What I mean to say is that I understand the desire to hang on. I have always had difficulty with change. Even something as simple as moving to a new house has been emotionally challenging for me; losing my entire way of life is almost more than I can bear to contemplate. So when I look at someone like my Congressman, who has hung his hat on the idea that things won’t really need to change, I get it. Honestly, I want that, too.

The instinct to preserve is something we all experience to one degree or another, and for the most part it is an instinct that served our ancestors well. Stability for our ancient forebears meant survival; change often came with the risk of deprivation or death. Holding on to our way of life is the most natural thing in the world. But when our way of life is the thing killing us, holding on only accelerates the end.
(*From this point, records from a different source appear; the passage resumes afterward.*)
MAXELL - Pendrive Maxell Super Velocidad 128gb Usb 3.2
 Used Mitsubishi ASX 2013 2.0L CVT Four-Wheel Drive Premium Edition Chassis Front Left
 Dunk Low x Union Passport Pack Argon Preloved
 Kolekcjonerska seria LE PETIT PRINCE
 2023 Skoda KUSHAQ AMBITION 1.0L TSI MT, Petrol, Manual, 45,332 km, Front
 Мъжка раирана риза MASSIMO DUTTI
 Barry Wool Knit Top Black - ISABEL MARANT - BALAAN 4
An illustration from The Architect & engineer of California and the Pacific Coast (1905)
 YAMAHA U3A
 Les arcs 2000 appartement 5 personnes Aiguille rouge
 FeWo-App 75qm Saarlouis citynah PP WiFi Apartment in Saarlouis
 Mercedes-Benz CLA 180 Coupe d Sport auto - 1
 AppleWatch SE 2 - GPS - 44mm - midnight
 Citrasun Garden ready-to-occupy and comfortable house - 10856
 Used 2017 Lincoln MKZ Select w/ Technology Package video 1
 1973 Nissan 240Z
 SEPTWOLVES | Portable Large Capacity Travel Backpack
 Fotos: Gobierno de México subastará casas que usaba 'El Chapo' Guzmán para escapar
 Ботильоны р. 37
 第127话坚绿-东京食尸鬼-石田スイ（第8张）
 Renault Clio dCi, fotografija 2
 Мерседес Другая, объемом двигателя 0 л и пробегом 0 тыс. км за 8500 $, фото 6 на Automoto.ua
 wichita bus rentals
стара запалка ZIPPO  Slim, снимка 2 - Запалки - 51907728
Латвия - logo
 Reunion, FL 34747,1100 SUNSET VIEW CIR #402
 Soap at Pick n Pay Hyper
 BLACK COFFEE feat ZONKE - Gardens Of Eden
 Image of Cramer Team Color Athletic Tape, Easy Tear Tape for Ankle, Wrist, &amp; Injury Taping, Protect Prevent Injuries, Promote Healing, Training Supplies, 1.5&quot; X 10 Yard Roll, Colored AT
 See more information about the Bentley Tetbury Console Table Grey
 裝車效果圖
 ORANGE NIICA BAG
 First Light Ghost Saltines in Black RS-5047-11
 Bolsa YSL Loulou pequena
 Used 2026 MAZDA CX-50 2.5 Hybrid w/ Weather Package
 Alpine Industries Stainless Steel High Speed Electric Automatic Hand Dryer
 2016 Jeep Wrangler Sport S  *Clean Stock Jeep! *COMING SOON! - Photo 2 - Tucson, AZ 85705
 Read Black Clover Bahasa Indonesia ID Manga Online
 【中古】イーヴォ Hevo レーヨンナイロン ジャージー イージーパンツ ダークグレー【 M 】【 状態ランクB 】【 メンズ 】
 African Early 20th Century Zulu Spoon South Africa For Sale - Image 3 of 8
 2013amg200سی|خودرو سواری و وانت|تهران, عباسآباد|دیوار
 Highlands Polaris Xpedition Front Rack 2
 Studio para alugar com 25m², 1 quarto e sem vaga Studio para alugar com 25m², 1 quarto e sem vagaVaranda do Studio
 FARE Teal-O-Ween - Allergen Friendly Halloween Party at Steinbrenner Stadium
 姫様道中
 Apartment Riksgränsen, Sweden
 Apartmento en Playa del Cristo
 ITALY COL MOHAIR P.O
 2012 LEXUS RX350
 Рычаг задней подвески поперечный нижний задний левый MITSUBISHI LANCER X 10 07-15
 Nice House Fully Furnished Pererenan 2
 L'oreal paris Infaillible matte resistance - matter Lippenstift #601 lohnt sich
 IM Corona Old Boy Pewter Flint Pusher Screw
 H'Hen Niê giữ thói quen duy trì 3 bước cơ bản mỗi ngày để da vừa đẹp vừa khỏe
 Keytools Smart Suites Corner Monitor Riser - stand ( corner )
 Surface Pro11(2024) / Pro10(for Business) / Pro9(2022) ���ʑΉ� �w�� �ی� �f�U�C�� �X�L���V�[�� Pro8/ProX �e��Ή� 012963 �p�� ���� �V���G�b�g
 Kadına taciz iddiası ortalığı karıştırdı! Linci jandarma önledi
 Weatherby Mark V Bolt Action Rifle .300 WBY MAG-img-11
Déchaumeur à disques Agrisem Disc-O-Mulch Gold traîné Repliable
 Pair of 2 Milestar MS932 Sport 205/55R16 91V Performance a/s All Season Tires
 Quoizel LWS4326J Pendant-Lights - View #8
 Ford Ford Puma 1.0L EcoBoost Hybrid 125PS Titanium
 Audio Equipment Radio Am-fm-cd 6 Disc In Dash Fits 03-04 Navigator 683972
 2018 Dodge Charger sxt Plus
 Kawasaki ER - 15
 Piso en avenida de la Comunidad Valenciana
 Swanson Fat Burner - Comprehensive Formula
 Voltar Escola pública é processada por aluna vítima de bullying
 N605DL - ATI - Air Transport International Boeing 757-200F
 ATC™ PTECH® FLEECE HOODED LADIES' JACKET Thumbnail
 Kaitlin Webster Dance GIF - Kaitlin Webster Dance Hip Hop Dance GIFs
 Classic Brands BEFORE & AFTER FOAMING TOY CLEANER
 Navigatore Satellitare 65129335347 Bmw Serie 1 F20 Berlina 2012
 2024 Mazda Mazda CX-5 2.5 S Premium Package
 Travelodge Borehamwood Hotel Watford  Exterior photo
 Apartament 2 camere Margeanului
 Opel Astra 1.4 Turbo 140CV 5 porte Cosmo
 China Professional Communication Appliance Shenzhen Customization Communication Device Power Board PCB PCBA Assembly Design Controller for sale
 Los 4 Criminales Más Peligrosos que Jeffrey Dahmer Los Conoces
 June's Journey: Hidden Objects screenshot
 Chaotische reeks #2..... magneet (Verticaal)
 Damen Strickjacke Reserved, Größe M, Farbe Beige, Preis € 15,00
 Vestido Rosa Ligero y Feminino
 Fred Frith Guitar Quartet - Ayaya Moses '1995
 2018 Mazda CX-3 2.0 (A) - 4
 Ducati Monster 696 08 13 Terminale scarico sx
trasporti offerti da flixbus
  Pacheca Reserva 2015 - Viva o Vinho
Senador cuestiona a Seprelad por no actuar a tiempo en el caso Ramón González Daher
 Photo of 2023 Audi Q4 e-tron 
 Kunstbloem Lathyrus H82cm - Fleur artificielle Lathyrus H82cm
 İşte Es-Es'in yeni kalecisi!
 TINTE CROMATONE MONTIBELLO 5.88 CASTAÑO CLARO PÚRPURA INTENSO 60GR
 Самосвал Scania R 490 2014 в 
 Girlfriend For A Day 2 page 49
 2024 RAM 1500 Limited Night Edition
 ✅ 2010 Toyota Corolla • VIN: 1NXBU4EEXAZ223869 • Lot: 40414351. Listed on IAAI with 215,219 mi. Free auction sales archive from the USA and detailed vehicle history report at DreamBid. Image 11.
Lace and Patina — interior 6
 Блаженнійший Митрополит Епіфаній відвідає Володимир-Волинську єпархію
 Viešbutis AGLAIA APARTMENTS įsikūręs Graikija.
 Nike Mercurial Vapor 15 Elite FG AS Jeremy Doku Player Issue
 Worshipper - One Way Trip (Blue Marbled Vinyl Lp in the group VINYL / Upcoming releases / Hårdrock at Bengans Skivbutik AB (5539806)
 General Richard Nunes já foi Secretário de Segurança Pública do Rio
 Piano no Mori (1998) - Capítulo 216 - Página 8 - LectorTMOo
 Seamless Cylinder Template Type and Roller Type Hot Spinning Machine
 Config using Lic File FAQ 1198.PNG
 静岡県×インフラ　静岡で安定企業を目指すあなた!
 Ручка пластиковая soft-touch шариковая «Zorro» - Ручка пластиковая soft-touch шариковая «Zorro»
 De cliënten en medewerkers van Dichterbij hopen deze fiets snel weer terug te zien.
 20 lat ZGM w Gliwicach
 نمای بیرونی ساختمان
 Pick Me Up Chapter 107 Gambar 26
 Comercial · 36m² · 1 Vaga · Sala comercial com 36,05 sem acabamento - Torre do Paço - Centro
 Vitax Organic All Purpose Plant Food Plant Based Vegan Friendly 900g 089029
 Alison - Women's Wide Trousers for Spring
When change is inevitable, it may only be in letting go that we are able to save anything.

I and my colleagues have spent the past four years in resistance. It was the right thing to do. In many ways it still is—there are people in positions of power who want to make things worse, and it’s necessary to prevent them from doing so. But I think the real work ahead of us is not in resistance but in acceptance, and moreover in finding ways to teach others to accept. The world is going to look different whether we want it to or not, and it’s going to happen much more quickly than we’re currently prepared for. The sooner we can accept that, the sooner we can figure out how to make that new world a liveable one.